And during the decade he remained in Spain, he learned from
flamenco’s top artists at that time. Nicknamed ‘El
Gitano Japonés’ (‘The Japanese Gypsy’)
by Rafael Farina, he worked at tablaos in Cádiz and
Seville, in companies like that of Merche Esmeralda and
in festivals such as La Caracolá in Lebrija. Yoko
Komatsubara also plunged deeply into flamenco
in situ, becoming a student of maestro Enrique el Cojo and
a member of companies such as that of Rafael de Córdova.
Upon their return to Japan, both of them became not just
leading figures of flamenco dancing, but also its promoters.
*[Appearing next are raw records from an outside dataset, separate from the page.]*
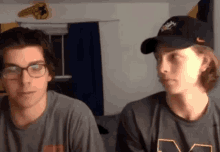 two young men are sitting next to each other in a living room . one of the men is wearing glasses and a hat .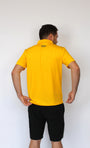 A man viewed from behind wearing a bright yellow short-sleeve polo shirt and black shorts, standing against a plain white wall.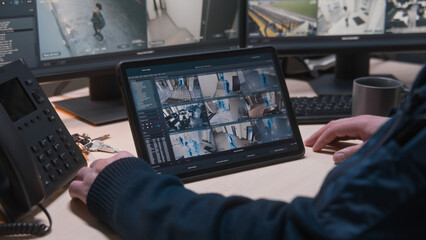 Security operator controls CCTV cameras in office, uses digital tablet and computers with surveillance camera playback on screens. High tech security with facial recognition. Concept of social safety.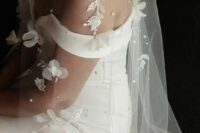 48 a refined modern wedding dress and a cathedral veil with pearls and white fabric beads are a beautiful idea for a modern refined bride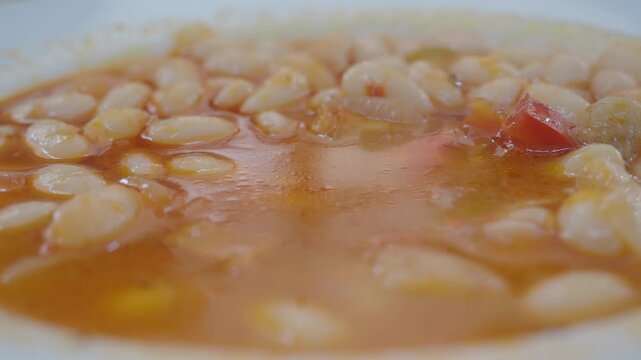 spoon pick white bean soup with vegetables in a pot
That is why at present, as Kyoko Shikaze relates in the
report ‘Fifteen
thousand kilometers around the corner’, there
are some eighty thousand people learning flamenco in their
country. They usually complete their studies in Seville
and Madrid, but few stay, since Japanese flamenco is becoming
self-sufficient. All you have to do is take a glance at
the latest issue of the magazine ‘Paseo’ where,
although the cover is for Rafael Estévez and Nani
Paños, the central pages are occupied by bailaoras
like Ariko Yura, who has competed in contests like the City
of Ubrique Flamenco Contest and has even danced solo in
the series Compás 4x4 at Bienal de Sevilla 2008.
And the thing is, as Leilah says, “there’s more
and more of an opening for a foreigner to be able to do
flamenco professionally without judging his passport”.